Trade my pessimism for awe.
Last year, myself and a couple of mates flew up to Shanghai to catch Silent Planet on their China tour. Arriving at the livehouse, we immediately went upstairs to say ‘hi’ and complete fan expectations, browsed through the merch that wouldn’t fit any of our sedentary asses, praised the promoter for bringing them over, and sweated profusely with our Chinese counterparts as the band survived the humidity and lack of air filtration. The beers were overpriced, the crowd placid but absorbed, the night potent. I cannot speak for fans in the states who have the luxury of catching them at a greater frequency, but for us grafting in the far-east, it was something truly special; a humble event to break us, if for a moment, from the pollution and KTV, noise-laced streets. Afterwards, we fan-boishly took the band out for street barbecue and chewed their ears off about anything and everything. Where we’re from, this luxury is not common for simple music lovers, but such elevation behind momentarily hanging out with some dudes is not an appropriate statement, for a band like them. They were ordinary guys, eating questionable street food in 200% humidity with people who love their music.
Admittedly, this recollection is a tad far in the past when now “analyzing” Everything Was Sound, but it is necessary to note the experience of fan boy deconstruction that went down; how it made approaching the latest outing more personal. Putting a collection of faces and personalities to a live performance that small and intimate, post-Youtube ogling, makes the music a focus rather than a run through the motions of grinning in front of a computer monitor, streaming ablazed. Silent Planet are that band which subverts mysticism, bends the expectations, and includes you in the listening experience; just as they had included us in their experience of Shanghai, pre, post, and during the show.
If you haven’t touched on the group’s music, you will find genre traits close to many progressive-metalcore outfits, but with definitive identity.

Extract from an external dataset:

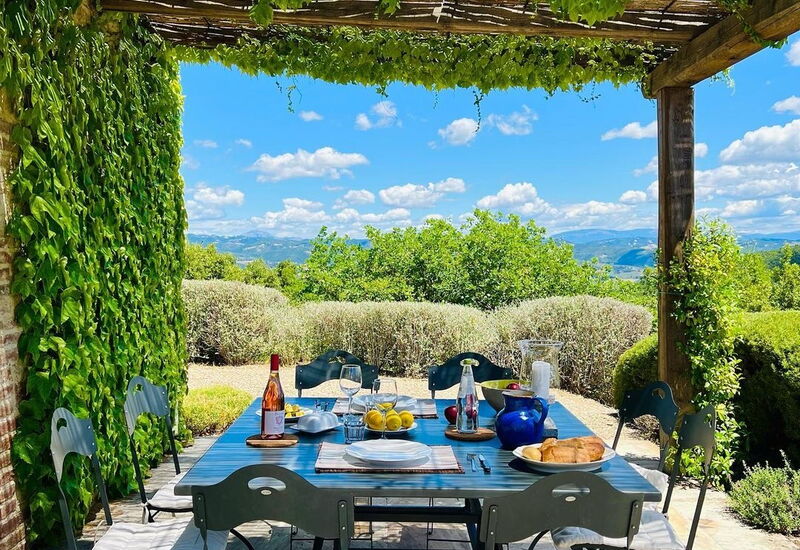 Villa Santa Croce - Tenuta Di Murlo, Umbria: Automne, Été, Extérieurs, Printemps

Triplet jumps, dark minor atmosphere, and poetic vocals all careful placed together to mold story-craft music. Everything Was Sound is true to concept, with mental turmoil a serious draw in the instrumental work. Be it Will Putney’s production governance that makes the album stronger and brighter than that of The Night God Slept, or Garrett Russell’s dominance behind the mic, this outing ‘is’ the thematic cohesion wanted out of the previous outing, boxed together in a powerful vision. Even when holding the lyrics booklet, browsing through philosophical and band references, Russell captures your attention with genuine agony and expressive opinion. There is no pastiche, no reuse of ideas – just point blank admittance and defeat. Take this with Alex Camarena’s authentic drum imagination and Miitches Starks’s the stellar yet toned down guitar work, sacrificing technicality in saving atmosphere, you’d be certainly mistaken if you believe this to be merely an emotionally edgy music experience.

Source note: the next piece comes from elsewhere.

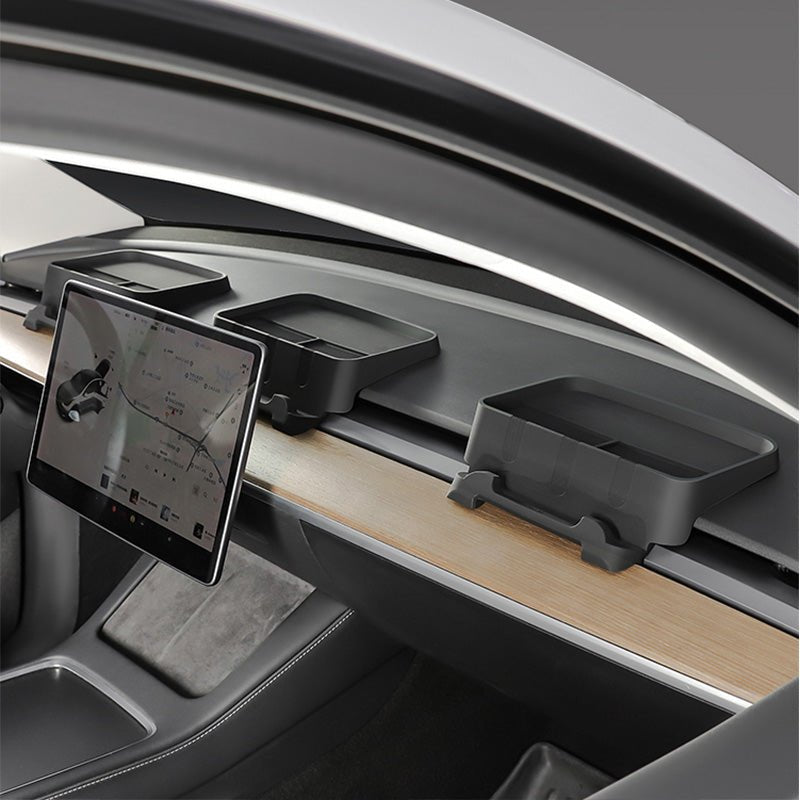 Dashboard Concealed Tray For Tesla Model 3 Highland /Y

Back in Shanghai, bassist Thomas Freckleton told me about many alternative music fans putting titles on musicians and their craft, especially with regards to vocal positions and styles. He said that the definitions created for screamers and singers, marked by clean and unclean, distracts the role of such individuals in the listening experience. And while I’m still trying to forgive the almost forced chorus of “Orphan”, I cannot help but be thankful for this statement, as when approaching the album from a vocal standpoint, there was no change in temperature when he and Russell exchanged emotions. The singing contrasts less which can be heard in Freckleton’s agony and interventions. Specifically, Spencer Chamberlain’s appearance in “Psychescape” would not have driven so hard if Freckleton’s compliment to the song had not been as well-placed and powerful as it was.
The message and overall presence of Silent Planet is overwhelming. I’ll openly admit that I gawk and keyboard smash my way through eye-candied outfits in a certain confidence that I am, some how, included as an elevated fan in a musician’s journey through music and art. Silent Planet makes me uncomfortable. I now feel mislead, my limited empathy drained in misguided support of filthy, dire attempts at our hearts strings and observance. Silent Planet remain on the cold earth with the rest of us. So yeah, I feel guilty for my cynicism. And instead of a sort of punishment for shooting the messenger, I am passionately included in the journey that is Silent Planet’s music. If that is the future attitude and presentation of music, I’ll trade my pessimism for awe.